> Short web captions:
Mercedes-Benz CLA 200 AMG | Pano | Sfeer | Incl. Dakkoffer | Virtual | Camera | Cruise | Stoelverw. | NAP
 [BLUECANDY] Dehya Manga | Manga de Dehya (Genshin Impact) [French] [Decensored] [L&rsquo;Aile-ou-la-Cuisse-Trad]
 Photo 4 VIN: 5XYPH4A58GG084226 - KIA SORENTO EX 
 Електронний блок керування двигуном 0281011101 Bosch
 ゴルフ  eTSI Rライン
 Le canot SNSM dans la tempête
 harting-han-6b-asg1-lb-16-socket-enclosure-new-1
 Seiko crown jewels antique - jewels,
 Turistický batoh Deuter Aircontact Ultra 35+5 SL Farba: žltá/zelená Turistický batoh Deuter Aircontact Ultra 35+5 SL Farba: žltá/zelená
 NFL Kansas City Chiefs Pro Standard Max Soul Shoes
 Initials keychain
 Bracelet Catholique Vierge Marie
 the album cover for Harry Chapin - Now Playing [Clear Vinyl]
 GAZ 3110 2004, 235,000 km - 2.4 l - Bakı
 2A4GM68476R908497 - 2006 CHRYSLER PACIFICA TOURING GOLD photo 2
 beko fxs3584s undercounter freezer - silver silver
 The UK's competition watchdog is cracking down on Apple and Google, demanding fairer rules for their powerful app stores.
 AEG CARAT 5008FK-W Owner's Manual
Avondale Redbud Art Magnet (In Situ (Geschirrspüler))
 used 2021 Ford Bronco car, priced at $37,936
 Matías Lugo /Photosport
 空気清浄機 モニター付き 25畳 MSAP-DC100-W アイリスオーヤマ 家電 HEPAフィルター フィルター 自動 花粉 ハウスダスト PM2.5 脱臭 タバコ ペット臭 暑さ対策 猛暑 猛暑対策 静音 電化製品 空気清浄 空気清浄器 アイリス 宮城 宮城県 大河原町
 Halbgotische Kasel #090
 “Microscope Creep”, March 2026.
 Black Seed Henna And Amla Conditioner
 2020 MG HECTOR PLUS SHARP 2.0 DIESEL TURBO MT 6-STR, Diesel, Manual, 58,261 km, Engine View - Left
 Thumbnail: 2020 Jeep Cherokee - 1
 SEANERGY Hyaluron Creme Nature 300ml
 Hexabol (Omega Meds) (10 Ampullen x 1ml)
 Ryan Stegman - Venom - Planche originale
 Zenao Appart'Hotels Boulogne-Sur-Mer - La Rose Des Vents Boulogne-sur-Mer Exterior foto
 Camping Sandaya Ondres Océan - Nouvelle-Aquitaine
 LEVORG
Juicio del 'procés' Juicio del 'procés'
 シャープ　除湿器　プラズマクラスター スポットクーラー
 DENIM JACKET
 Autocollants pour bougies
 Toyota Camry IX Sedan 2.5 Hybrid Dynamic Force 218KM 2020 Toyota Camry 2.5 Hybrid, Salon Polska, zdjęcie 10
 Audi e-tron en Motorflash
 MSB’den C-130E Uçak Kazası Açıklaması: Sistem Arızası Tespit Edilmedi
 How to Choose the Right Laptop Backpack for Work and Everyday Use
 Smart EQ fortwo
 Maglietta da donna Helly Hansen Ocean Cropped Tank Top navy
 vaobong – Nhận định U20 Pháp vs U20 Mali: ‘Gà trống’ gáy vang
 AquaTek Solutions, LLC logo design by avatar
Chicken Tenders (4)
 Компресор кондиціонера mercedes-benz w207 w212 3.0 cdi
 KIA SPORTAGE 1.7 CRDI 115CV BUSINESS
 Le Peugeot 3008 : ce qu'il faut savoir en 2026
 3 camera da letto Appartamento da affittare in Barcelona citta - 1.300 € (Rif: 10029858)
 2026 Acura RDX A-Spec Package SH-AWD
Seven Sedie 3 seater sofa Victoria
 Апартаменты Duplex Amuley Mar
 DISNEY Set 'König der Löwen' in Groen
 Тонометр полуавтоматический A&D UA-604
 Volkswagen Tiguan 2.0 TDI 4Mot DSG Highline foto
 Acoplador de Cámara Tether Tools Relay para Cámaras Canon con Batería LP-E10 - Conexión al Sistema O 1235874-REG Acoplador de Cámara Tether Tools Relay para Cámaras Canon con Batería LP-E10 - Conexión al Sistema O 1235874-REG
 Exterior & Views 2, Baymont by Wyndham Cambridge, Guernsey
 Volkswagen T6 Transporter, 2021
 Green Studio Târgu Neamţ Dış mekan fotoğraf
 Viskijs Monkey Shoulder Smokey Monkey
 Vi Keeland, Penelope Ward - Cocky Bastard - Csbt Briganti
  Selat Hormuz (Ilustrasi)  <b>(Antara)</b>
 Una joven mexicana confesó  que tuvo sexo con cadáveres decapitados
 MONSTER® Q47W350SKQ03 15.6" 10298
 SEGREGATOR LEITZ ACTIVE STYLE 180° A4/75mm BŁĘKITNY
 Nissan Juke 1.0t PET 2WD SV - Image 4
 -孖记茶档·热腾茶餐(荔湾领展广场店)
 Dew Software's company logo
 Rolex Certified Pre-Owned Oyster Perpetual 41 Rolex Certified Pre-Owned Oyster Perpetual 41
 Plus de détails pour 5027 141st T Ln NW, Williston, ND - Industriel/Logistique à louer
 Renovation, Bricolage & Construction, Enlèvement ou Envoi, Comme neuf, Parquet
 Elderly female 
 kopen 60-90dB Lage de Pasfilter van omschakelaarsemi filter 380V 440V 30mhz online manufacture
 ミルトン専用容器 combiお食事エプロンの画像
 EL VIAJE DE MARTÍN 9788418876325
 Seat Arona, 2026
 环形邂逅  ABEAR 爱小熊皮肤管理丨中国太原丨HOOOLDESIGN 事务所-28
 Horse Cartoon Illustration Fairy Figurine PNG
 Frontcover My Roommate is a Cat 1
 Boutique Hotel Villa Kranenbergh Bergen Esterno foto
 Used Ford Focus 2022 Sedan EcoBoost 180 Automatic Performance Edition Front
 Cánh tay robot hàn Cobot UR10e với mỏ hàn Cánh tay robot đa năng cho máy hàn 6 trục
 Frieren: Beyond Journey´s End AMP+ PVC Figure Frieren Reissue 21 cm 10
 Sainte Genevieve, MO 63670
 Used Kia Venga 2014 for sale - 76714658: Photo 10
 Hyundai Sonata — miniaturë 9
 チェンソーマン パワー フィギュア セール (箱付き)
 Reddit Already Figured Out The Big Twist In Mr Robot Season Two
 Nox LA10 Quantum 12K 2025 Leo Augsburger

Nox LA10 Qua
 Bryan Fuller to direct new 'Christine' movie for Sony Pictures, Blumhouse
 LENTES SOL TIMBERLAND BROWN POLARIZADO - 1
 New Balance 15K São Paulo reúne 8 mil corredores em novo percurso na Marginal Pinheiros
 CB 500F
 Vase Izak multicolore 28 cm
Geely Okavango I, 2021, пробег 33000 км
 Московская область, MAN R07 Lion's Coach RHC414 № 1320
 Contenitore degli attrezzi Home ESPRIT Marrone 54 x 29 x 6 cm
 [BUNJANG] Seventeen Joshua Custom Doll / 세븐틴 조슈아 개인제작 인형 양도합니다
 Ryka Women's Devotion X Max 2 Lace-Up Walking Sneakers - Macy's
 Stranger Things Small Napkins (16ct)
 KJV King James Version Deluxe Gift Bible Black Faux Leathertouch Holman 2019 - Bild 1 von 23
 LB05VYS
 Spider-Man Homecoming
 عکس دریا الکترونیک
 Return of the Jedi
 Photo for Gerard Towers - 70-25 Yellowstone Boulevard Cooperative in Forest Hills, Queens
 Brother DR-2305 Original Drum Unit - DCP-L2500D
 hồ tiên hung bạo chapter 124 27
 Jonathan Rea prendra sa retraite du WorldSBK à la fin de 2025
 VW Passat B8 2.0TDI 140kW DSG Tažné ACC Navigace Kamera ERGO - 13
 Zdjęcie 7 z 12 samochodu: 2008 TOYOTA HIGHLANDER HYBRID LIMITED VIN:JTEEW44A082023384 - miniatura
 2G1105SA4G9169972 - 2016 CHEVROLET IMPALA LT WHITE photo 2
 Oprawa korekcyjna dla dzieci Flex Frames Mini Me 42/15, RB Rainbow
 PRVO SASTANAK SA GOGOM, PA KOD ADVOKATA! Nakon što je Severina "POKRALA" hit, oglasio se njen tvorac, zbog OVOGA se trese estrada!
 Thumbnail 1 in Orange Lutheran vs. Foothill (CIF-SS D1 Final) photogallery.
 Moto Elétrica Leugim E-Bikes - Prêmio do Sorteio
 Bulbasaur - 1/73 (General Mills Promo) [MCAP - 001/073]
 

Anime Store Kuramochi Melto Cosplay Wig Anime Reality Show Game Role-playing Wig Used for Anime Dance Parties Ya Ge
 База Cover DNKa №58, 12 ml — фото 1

> Your goal:
The answer is the run of lines above from the line containing "チェンソーマン パワー フィギュア セール (箱付き)" through the line containing "LENTES SOL TIMBERLAND BROWN POLARIZADO - 1", copied exactly and alone.

> Written solution:
 チェンソーマン パワー フィギュア セール (箱付き)
 Reddit Already Figured Out The Big Twist In Mr Robot Season Two
 Nox LA10 Quantum 12K 2025 Leo Augsburger

Nox LA10 Qua
 Bryan Fuller to direct new 'Christine' movie for Sony Pictures, Blumhouse
 LENTES SOL TIMBERLAND BROWN POLARIZADO - 1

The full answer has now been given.